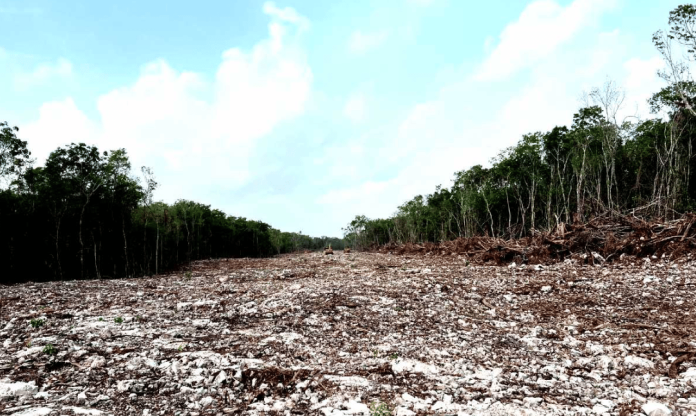 Ambientalistas llevan queja T-MEC para revisar impacto ambiental del Tren Maya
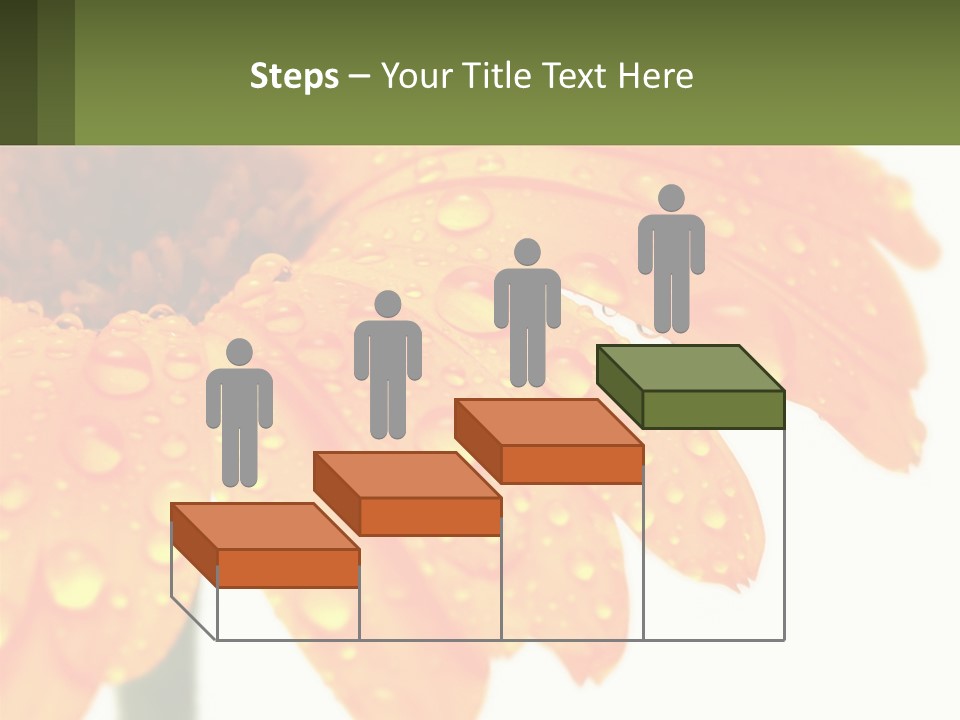 A Yellow Flower With Water Droplets On It PowerPoint Template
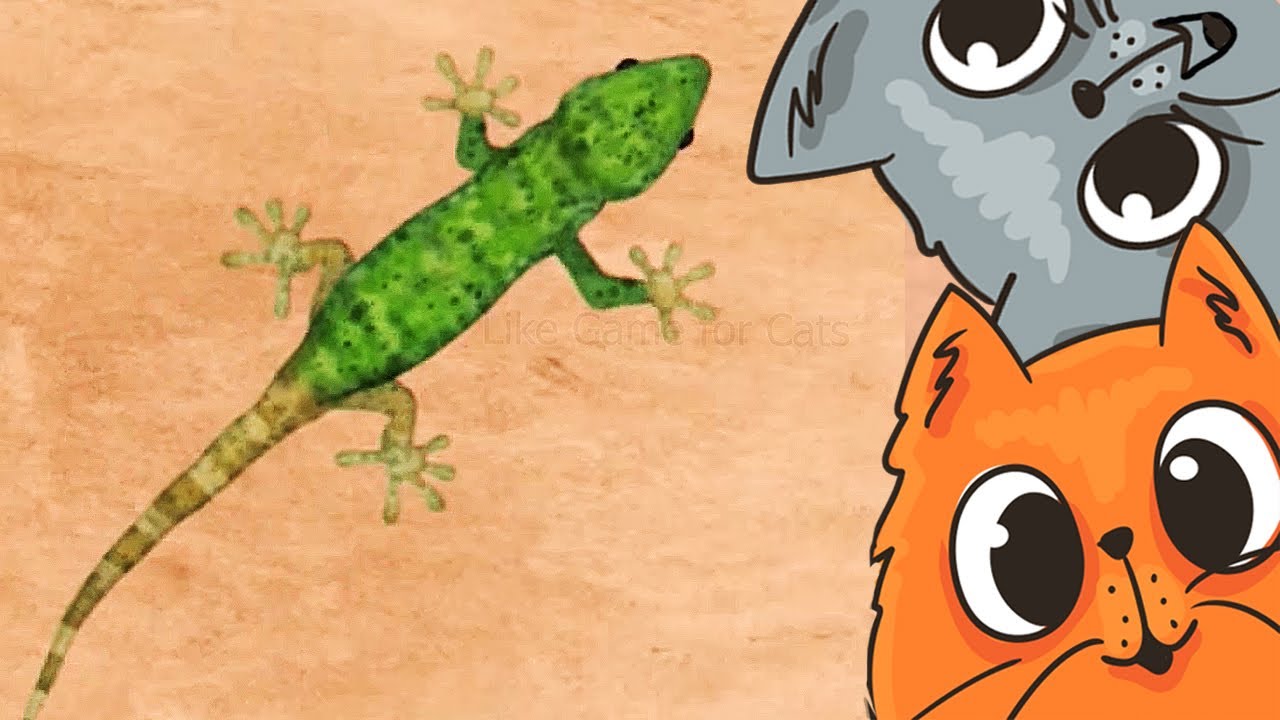 CAT GAMES VIDEOS FOR CATS Catch The Green Crawling Lizard 1 HOUR cat-games-videos-for-cats-catch-the-green-crawling-lizard-1-hour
::::::
- YOUR INSTRUCTIONS: For each line above, output its wording exactly and leave out any picture.

- ANSWER SPACE:
 Ambientalistas llevan queja T-MEC para revisar impacto ambiental del Tren Maya
 A Yellow Flower With Water Droplets On It PowerPoint Template
 CAT GAMES VIDEOS FOR CATS Catch The Green Crawling Lizard 1 HOUR cat-games-videos-for-cats-catch-the-green-crawling-lizard-1-hour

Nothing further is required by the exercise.